Я хочу поспорить, но вспоминаю, что теперь грех, —душу надо очистить, раз идем к Преподобному. Я иду в свою комнатку, вижу шарик от солитера, хрустальненький, с разноцветными ниточками внутри... и мне вдруг приходит в голову удивить Анюту. Я бегу к ней на цыпочках. Она все сидит, поджавши ноги, на сундуке. Я спрашиваю ее, почему не спит. Она берет меня за руку и шепчет: «Бою-усь... разбойников бою-сь...» Я показываю ей хрустальный шарик и говорю, что это волшебный и даже святой шарик... будешь держать в кармане — и ничего не будет! Она смотрит на меня, правду ли говорю, и глаза у ней будто просят. Я отдаю ей шарик и шепчу, что такого шарика ни у одного человека нет, только у меня и есть. Она прячет его в карман.

Я не могу заснуть. На дворе ходят и говорят. Слышен голос отца и Горкина. Отец говорит: «Сам завтра провожу, мне надо по делам рано!» Лежу и думаю, думаю...— о дороге, о лесах и оврагах, о мосточках... где-то далеко-далеко— Угодник, который теперь нас ждет. Все думаю, думаю, — и вижу... и во мне начинает петь, будто не я пою, а что-то во мне поет, в голове, такое светлое, розовое, как солнце, когда его нет на небе, но оно вот-вот выйдет. Я вижу леса-леса, и большой свет над ними, и все поет, в моей голове поет...

«Красавица-зорька...
В небе за-го-ре-лась...
Из большого ле...са...
Солнышко-о... выходит...»
Будто отец поет?..

Кричат петухи. Окна белеют в занавесках. Кричат на дворе. Горкин распоряжается:

—Пора закладывать... Федя здесь?.. Час нам легкой, по холодку и тронемся, Господи благослови...

Отец кричит — знаю я — из окна сеней:

—Пора и богомольца будить! Самовар готов?..

До того я счастлив, что слезы набегают в глазах. Заря — и сейчас пойдем! И отдается во мне чудесное, такое радостное и светлое, с чем я заснул вчера, певшее и во сне со мною, светающее теперь за окнами, —

«Красавица-зо-рька
В небе за-го-ре-лась...
Из большого ле...са
Солнышко-о... выходит...»

БОГОМОЛЬНЫЙ САДИК

Мы — на святой дороге, и теперь мы другие, богомольцы. И все кажется мне особенным.
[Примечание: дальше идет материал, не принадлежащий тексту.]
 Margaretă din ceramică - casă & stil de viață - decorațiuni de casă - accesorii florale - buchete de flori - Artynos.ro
Небо — как на святых картинках, чудесного голубого цвета, такое радостное. Мягкая, пыльная дорога, с травкой по сторонам, не простая дорога, а святая: называется — Троицкая. И люди ласковые такие, все поминают Господа: «Довел бы Господь к Угоднику», «Пошли вам Господи!» — будто мы все родные. И даже трактир называется — «Отрада».
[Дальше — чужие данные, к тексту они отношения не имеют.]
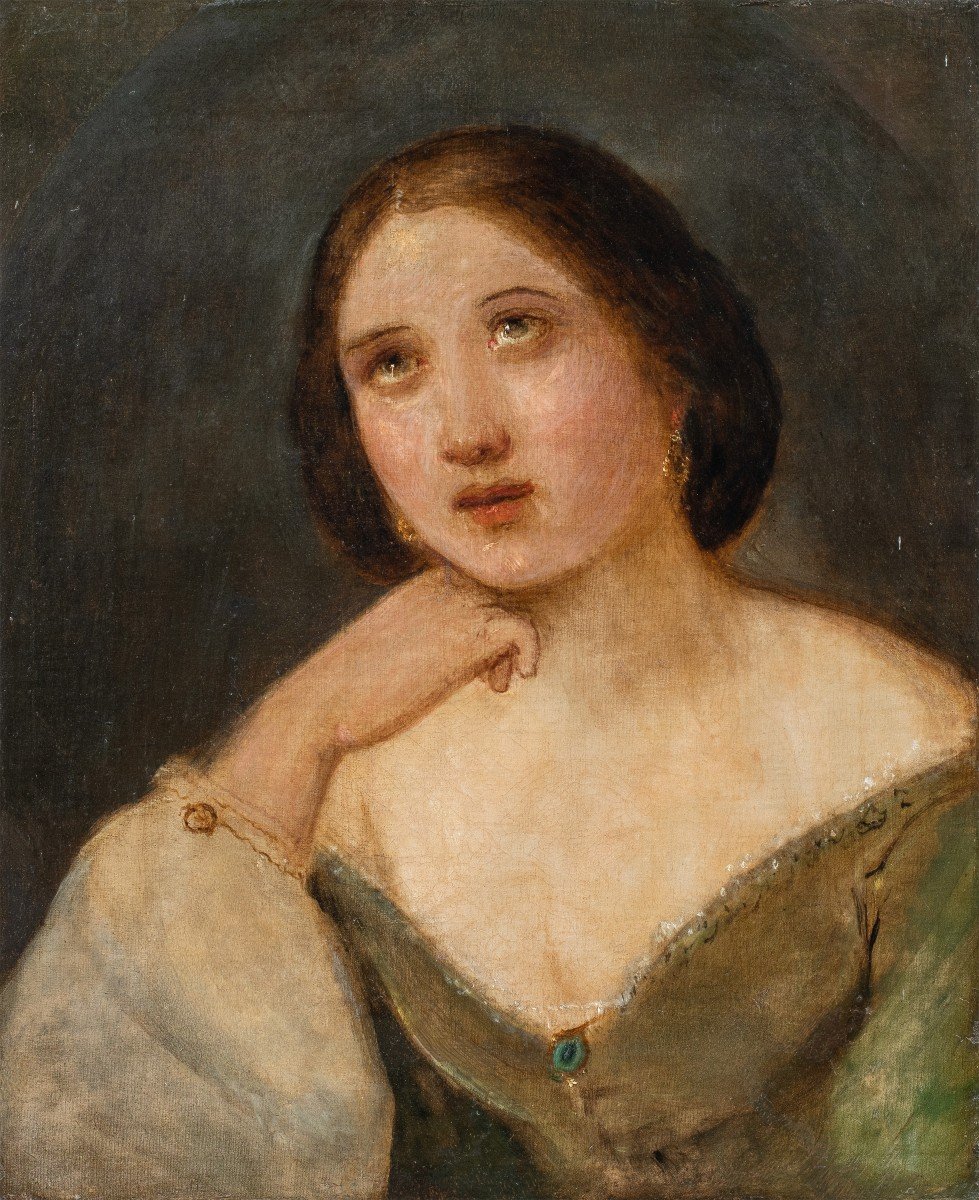 Peintre Romantique (début XIXe Siècle) - Jeune Fille Aux Boucles d'Oreilles.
Распрягаем Кривую и ставим в тень. Огромный, кудрявый Брехунов велит дворнику подбросить ей свежего сенца, —только что подкосили на усадьбе, — ведет нас куда-то по навозу и говорит так благочестиво:

—В богомольный садик пожалуйте: Москву повыполоскать перед святой дорожкой, как говорится.

Пахнет совсем по-деревенски — сеном, навозом, дегтем. Хрюкают в сараюшке свиньи, гогочут гуси, словно встречают нас. Брехунов отшвыривает ногой гусака, чтобы не заклевал меня, и ласково объясняет мне, что это гуси, самая глупая птица, а это вот петушок, а там бочки от сахара, а сахарок с чайком пьют, и удивляется: «Ишь ты какой, даже и гусей знает!» Показывает высокий сарай с полатями и смеется, что у него тут «лоскутная гостиница», для страннаго народа.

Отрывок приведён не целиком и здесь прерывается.